The structure of the Russian insurance market is another major reason why it should be of interest to leading international insurance companies. Rosgosstrakh and Ingosstrakh are former monopolies, but they are less dominant than their counterparts in other economies that used to be centrally planned. Over the last year or so, Rosgosstrakh and Ingosstrakh have increased their share of the total market (excluding CMEI), but together they still speak for about one-fifth of total premiums. Only five other companies have market shares of over 3% - Sogaz, RESO Garantiya, ROSNO, VSK and Alfa Strakhovanie. In other words, the market is fragmented. The top 50 companies account for just over three quarters of the entire market (including CMEI) and a slightly larger percentage of voluntary lines.
An opportunity for foreign groups comes from their expertise and access to Information Technology. In its July 2010 review of the industry, Rosgosstrakh noted that the types of insurance with the highest potential in Russia are real estate insurance, motor CASCO, voluntary health insurance, accident and life insurance.
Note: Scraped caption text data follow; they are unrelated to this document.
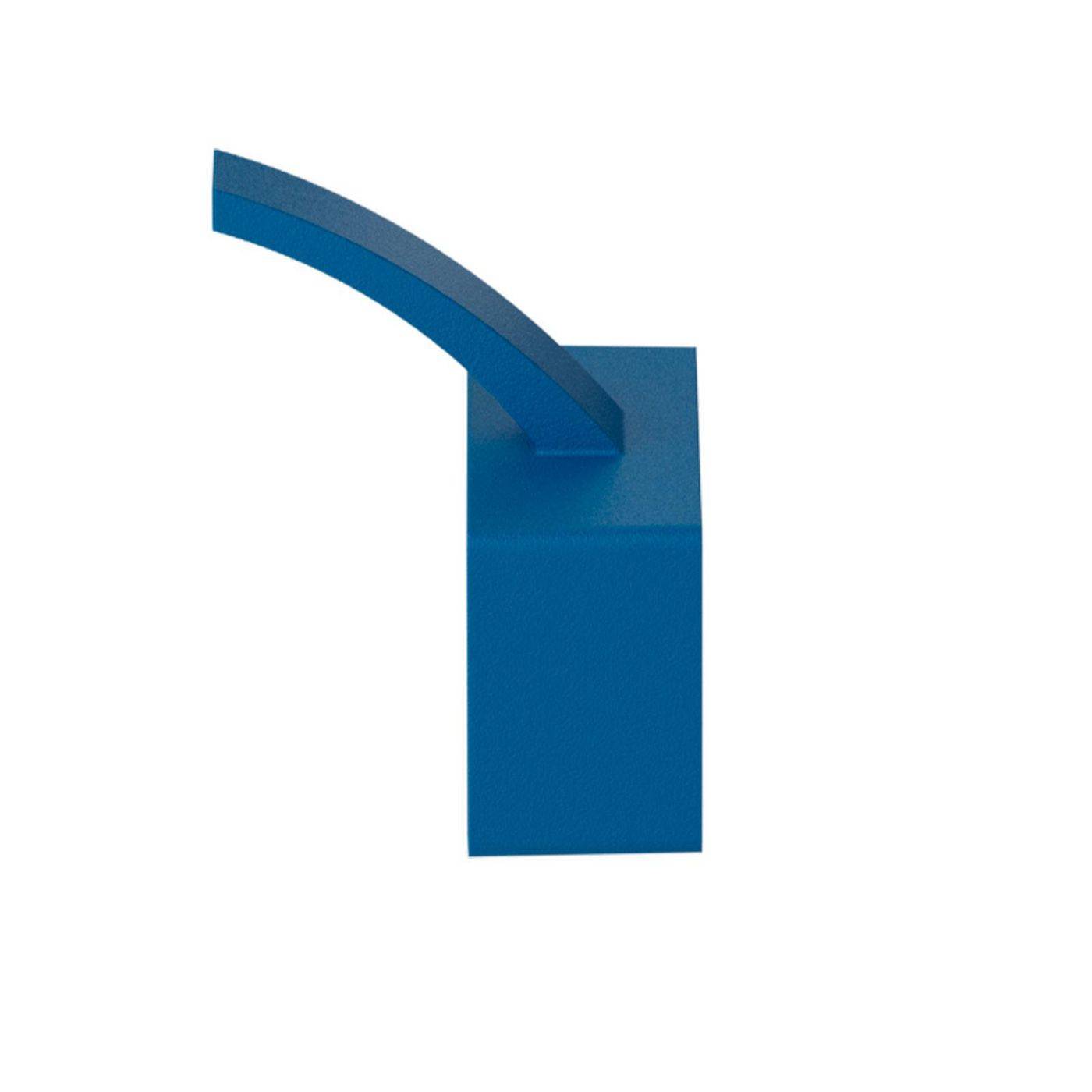 Blaues gebogenes bandartiges Reiter- oder Pfeilformiges Element, das sich in ein vertikales blaues Rechteck auf weißem Hintergrund erstreckt.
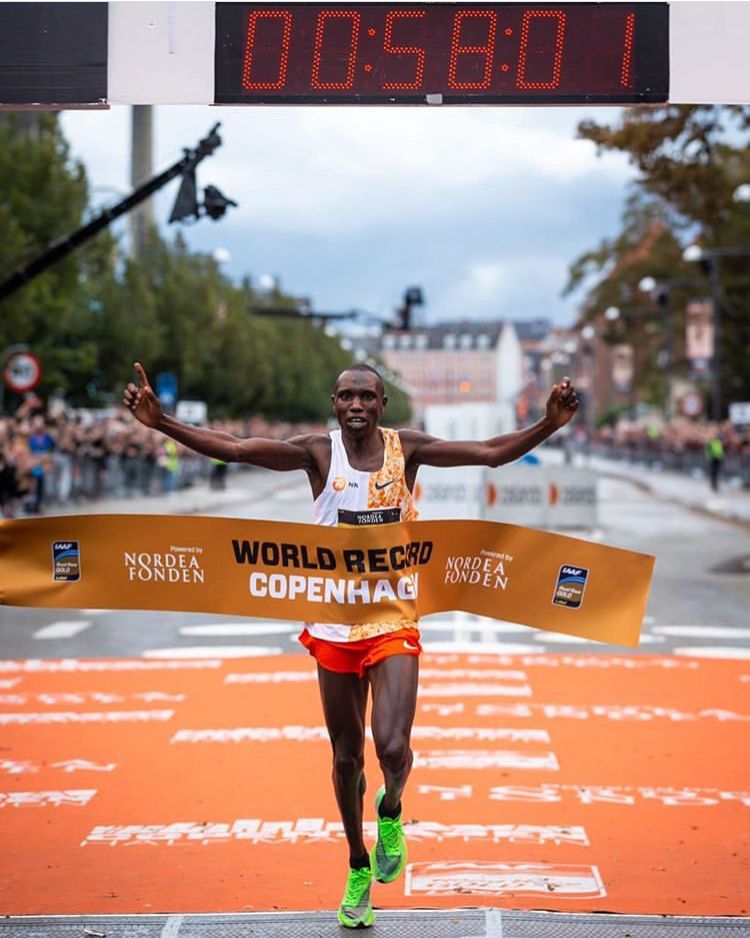 El récord del mundo de Geoffrey Kamworor en imágenes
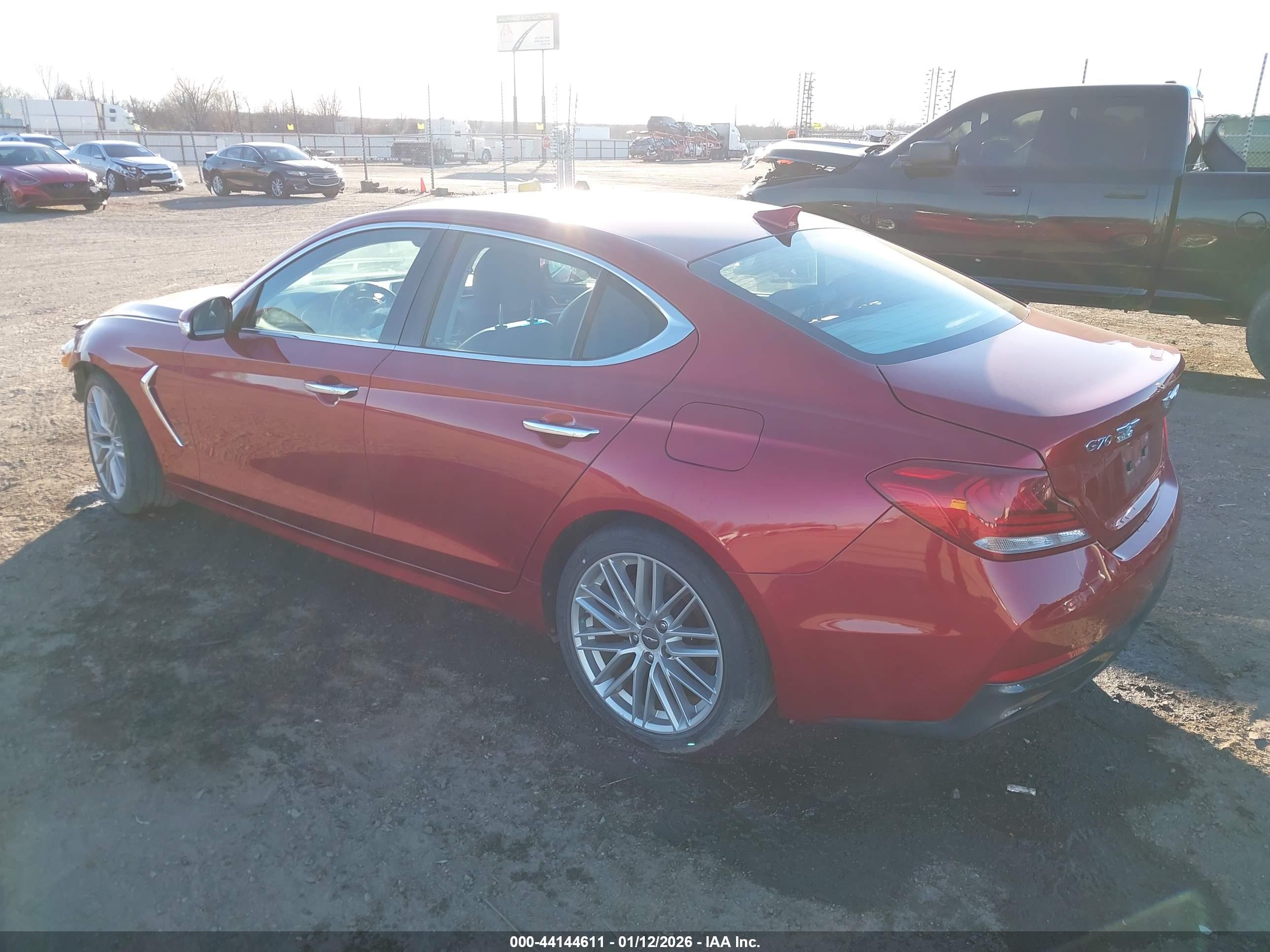 GENESIS G70 image 3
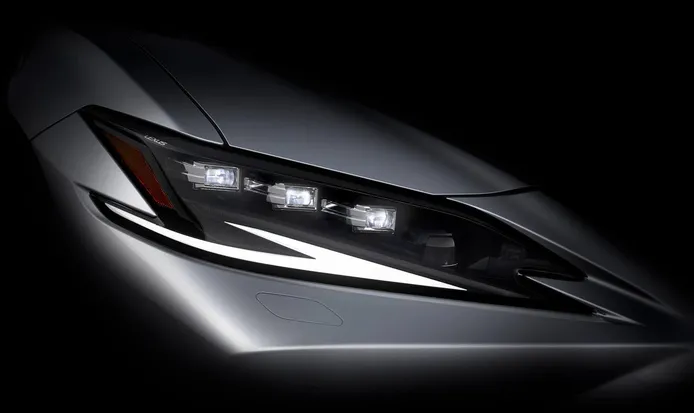 Primeras imágenes del Lexus ES facelift antes de su presentación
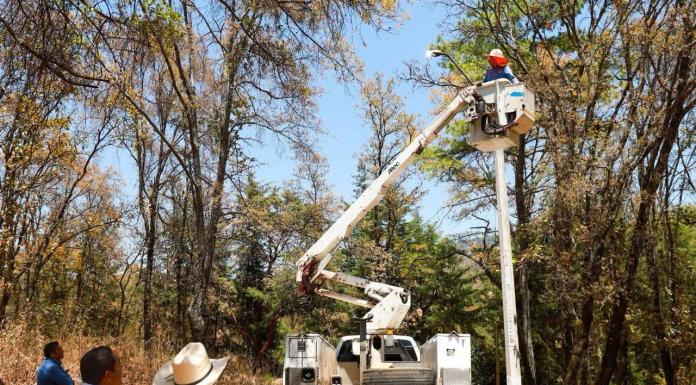 #Imágenes | Refuerza Gobierno Municipal la iluminación en comunidades de Zacapu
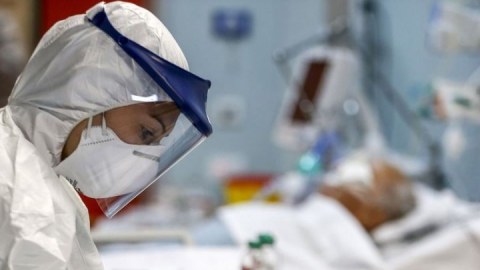 Koronavirus statistikası: 611 yoluxma, 13 ölüm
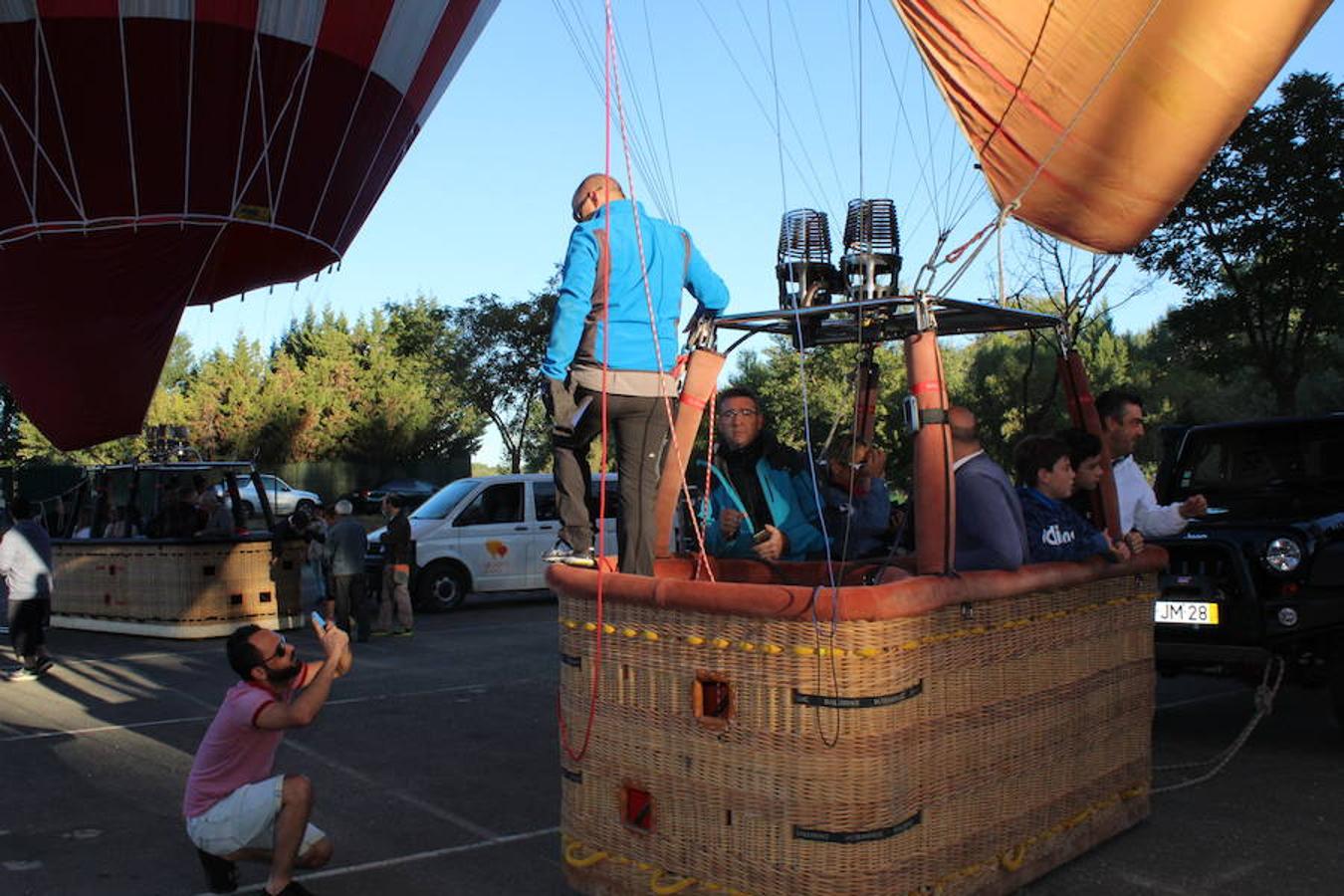 Espectaculares imágenes de la primera jornada de la regata de globos aerostáticos que ha arrancado en Calahorra. El transporte, el inflado y el despegue de estas gigantes pompas de aire caliente congregó a multitud de curiosos y valientes para subir a la cesta y echar a volar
The development of these lines will require investment and the technical re-equipment of insurance companies.
Russias Insurance Sector In 2010
Despite the optimism for the Russian insurance sector expressed by Rosgosstrakh (which, subject to the qualifications discussed above, BMI shares) there appears to be no common view among the various key players on the medium-term prospects for the market. ING Life announced in September 2009 that it would cease its operations in Russia, and sold its portfolio of clients to Allianz ROSNO. Shortly afterwards, Fortis announced that it would close its Russian business, which did not appear likely to reach the required scale and profitability level within Fortis timescale. Although Russias miniscule life sector has tended to be dominated by foreign companies, the foreign majors, or at least some of them, appear to have taken the view that Russia is not a market in which they need to have a presence. CiV Life, part of the German Talanx Group, wrote gross premiums of RUB700mn in the first nine months of 2008, and publicly reiterated in late December 2009 that it is committed to developing its business in Russia.
In contrast, some of the Russian insurers are expanding, if only into particular niches. Ingosstrakh announced in mid-November 2009 that it is launching a credit insurance business, which will be structured as a joint venture (JV) with the Belgian public export credit agency ONDD. In mid-2009 SOGAZ confirmed that it had finalised the acquisition of Sheksna Group, whose gross premiums amounted to just less than RUB6bn in 2008. At the end of 2009, Soglassye announced that its sole shareholder, entrepreneur Mikhail Prokhorov, had decided to increase the companys authorised capital by RUB500mn, to RUB2.8bn.
Issues To Watch
Capital Increases
Press reports indicated in December 2009 that the FSIS is contemplating an increase in the basic statutory capital of an insurance company by 300%, to RUB120mn. The minimum capital for life insurers could increase to RUB240mn, while that of reinsurance companies could increase to RUB480mn. This could result in a dramatic reduction in the number of insurers operating in Russia.
Organised Savings
Russia is emphatically not the only country in Central and Eastern Europe to have suffered a double-digit decline in life premiums in 2009. However, it is the only one to have suffered shrinkage in a segment that is miniscule by any standard. The decline in voluntary insurance in general, and in life insurance in particular, augurs ill for the long-term development of pensions and other forms of organised savings in Russia.
Compliance With Laws Governing Compulsory Insurance
CMEI and CMTPL are the two lines which have underpinned the growth (or prevented a contraction) of the non-life segment. Premiums in these areas will remain firm provided that Russians continue to comply with the relevant laws.